Seeing Double: U.S. Supreme Court Grapples With Two Gun Related Cases From the Fifth Circuit This Term in Garland v. Blackhawk Manufacturing and U.S. v. Rahimi

Photo Credit: William J. Hennessy Jr./Courtroom Sketch

Guns In America

According to a Pew Research Center survey from September 13, 2023, six in ten U.S. adults say gun violence is a very big problem in the country today. Amid a backdrop of mass shootings like the one in Lewiston, Maine that left eighteen dead on October 25th, increasing gun violence has made the legal landscape ripe with gun-related judicial challenges. Earlier this year, the Court dealt with Garland v. Blackhawk Manufacturing, a case concerning federal regulations on guns without serial numbers. On November 7th, the Court heard oral arguments in U.S. v Rahmi which involved a Second Amendment challenge to a federal ban on the possession of guns by individuals who are subject to domestic violence restraining orders. Both cases have the potential to be landmark rulings that affect the landscape of American gun ownership and sales.

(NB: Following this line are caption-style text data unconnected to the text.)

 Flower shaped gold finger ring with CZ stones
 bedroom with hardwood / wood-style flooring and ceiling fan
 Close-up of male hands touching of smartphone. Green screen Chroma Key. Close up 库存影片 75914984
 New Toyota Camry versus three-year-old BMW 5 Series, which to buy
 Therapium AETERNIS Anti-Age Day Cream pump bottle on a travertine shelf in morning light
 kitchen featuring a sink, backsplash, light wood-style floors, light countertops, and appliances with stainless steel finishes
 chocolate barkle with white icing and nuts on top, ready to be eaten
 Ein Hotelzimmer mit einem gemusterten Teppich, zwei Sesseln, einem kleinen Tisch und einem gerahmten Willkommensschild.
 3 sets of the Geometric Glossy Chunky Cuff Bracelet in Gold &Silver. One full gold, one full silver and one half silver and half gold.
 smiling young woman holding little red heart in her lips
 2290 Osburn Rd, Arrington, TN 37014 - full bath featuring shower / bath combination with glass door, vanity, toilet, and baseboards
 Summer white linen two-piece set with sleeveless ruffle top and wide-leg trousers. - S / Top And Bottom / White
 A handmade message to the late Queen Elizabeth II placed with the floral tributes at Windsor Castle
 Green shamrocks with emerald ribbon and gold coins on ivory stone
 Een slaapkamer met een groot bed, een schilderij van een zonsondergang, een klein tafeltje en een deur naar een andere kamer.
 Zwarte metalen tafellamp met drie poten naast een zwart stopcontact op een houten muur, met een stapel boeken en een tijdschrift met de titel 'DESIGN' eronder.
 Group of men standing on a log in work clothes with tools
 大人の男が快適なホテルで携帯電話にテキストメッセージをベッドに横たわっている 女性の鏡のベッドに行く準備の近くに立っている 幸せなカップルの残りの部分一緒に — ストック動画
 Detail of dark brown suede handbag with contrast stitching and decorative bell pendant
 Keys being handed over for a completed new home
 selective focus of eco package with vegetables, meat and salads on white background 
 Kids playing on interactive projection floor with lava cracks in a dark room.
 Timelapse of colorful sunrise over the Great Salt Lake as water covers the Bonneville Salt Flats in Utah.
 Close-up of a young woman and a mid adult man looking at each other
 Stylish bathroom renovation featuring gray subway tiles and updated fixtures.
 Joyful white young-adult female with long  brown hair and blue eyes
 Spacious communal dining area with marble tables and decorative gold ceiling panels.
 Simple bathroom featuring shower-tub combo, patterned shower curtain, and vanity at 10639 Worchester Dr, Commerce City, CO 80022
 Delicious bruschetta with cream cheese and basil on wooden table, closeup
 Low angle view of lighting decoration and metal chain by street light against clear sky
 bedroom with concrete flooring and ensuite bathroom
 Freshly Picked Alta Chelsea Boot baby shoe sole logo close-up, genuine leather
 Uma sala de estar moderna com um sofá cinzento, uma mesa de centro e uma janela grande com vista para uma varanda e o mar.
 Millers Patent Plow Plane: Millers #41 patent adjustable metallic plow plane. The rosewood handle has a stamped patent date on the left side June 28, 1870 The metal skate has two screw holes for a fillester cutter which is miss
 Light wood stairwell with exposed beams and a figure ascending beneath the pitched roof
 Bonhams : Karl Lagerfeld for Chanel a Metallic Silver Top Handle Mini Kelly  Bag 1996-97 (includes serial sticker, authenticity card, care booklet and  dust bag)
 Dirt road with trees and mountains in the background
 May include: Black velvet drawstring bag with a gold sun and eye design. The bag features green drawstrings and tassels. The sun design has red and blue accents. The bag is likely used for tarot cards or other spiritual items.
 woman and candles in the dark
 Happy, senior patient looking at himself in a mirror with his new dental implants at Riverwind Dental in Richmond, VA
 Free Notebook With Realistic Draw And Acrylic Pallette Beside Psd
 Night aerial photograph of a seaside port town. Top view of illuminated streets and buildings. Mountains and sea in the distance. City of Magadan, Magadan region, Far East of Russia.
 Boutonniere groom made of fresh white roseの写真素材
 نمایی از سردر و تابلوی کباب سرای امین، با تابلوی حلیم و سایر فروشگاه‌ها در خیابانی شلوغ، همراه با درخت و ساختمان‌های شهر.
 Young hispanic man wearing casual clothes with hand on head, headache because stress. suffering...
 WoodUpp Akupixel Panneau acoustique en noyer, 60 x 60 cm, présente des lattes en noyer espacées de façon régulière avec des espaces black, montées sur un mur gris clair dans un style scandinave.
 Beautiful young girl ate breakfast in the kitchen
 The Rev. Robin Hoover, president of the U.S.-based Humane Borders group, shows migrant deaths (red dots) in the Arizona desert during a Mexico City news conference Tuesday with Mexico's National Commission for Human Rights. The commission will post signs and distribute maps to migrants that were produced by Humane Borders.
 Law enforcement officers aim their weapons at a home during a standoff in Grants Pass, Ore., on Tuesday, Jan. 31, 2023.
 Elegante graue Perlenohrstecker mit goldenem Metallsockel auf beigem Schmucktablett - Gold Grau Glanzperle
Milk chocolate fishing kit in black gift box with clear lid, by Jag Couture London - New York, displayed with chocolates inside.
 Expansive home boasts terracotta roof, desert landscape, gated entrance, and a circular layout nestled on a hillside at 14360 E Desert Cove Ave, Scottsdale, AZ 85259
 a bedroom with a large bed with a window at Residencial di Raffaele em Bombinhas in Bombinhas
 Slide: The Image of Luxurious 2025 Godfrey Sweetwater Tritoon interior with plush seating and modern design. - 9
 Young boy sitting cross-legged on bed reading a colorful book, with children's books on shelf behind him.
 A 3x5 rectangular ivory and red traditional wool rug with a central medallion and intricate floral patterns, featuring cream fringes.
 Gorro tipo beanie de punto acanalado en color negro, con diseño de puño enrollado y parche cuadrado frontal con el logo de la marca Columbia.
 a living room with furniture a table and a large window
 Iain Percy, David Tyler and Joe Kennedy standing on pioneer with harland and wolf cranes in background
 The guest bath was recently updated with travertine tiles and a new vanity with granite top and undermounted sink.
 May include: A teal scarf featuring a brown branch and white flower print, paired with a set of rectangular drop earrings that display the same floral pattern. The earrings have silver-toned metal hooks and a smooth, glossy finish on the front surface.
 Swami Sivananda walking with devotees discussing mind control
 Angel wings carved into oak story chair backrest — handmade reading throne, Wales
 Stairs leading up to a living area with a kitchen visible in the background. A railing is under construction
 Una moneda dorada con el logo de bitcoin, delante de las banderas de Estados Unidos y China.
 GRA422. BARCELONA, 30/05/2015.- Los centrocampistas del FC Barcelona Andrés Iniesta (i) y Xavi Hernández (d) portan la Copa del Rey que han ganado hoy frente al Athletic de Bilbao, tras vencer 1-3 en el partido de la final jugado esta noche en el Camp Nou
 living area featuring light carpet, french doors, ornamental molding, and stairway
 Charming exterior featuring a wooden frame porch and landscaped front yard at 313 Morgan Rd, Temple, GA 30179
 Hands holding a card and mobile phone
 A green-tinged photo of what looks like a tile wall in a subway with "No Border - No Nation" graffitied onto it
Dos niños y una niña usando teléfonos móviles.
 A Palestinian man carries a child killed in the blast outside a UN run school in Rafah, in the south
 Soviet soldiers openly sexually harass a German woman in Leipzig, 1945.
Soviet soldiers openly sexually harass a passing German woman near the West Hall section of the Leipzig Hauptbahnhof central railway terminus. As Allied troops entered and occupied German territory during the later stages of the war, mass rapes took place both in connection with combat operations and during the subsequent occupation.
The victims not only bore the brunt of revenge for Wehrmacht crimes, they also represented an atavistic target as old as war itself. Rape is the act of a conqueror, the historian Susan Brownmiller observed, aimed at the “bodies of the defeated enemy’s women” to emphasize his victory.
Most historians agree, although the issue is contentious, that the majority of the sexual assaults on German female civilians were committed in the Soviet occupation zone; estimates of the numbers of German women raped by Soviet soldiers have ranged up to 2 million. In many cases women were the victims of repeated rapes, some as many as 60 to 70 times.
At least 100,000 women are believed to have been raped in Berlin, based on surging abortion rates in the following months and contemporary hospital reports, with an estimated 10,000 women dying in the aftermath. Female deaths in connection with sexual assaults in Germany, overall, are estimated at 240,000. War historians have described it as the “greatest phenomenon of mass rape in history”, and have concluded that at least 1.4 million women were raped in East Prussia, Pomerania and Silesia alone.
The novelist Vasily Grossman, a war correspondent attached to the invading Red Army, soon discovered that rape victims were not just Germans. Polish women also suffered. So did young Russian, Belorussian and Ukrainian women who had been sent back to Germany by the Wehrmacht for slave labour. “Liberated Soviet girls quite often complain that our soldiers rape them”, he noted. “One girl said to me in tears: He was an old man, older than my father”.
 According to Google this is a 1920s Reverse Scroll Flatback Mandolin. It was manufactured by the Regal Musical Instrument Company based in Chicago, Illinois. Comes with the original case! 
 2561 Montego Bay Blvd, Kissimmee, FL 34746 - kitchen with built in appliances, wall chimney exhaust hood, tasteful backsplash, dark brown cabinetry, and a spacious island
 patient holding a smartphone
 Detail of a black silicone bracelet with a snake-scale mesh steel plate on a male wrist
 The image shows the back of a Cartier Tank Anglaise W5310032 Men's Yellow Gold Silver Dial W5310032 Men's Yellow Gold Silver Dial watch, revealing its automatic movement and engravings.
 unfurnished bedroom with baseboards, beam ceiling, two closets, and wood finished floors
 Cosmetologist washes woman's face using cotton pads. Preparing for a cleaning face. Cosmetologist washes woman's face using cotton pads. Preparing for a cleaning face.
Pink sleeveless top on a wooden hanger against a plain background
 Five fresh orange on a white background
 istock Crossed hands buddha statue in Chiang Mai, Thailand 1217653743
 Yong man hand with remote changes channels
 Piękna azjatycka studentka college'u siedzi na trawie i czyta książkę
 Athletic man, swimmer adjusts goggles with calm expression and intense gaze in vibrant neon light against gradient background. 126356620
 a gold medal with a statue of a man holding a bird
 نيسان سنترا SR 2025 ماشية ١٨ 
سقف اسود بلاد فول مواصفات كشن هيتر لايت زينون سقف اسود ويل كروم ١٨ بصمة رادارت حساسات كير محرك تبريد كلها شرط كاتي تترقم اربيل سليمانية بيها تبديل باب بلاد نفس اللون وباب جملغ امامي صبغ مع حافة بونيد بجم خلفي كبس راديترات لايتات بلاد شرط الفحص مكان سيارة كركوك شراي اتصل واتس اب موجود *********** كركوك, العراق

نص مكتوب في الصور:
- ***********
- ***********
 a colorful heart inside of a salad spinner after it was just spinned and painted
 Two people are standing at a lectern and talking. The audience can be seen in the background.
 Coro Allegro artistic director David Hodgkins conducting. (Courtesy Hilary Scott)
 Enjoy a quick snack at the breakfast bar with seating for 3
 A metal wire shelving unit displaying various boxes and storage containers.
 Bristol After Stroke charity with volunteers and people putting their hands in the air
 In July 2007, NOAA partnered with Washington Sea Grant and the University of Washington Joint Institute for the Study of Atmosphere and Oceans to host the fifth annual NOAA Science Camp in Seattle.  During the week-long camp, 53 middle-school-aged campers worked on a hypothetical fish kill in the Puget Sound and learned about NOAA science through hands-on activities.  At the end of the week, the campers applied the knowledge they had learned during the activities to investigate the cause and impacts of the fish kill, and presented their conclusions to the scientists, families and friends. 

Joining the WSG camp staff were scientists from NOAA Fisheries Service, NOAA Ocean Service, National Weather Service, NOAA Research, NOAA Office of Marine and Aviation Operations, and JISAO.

Garland v. Blackhawk Manufacturing

In 2002, as a result of the Homeland Security Act, the Bureau of Alcohol, Tobacco, Firearms, and Explosives (ATF) was established as an independent federal agency within the control of the Department of Justice. Subsequently the ATF gained regulatory enforcement powers within the realm of firearms, explosives, arson, tobacco, and alcohol. They function as an arm of the executive branch and their agency head is appointed by the president. In August of 2022, the ATF amended its regulations and issued a new rule in order “to remove and replace the regulatory definitions of ‘firearm frame or receiver’ and ‘frame or receiver’.” The change in definition was part of an ATF initiative to increase supervision on ghost guns, which are guns that “lack serial numbers or other identifying markings.” The lack of identifying markings make the guns easy to traffick and reduces their traceability, which hinders law enforcement’s ability to solve crimes. 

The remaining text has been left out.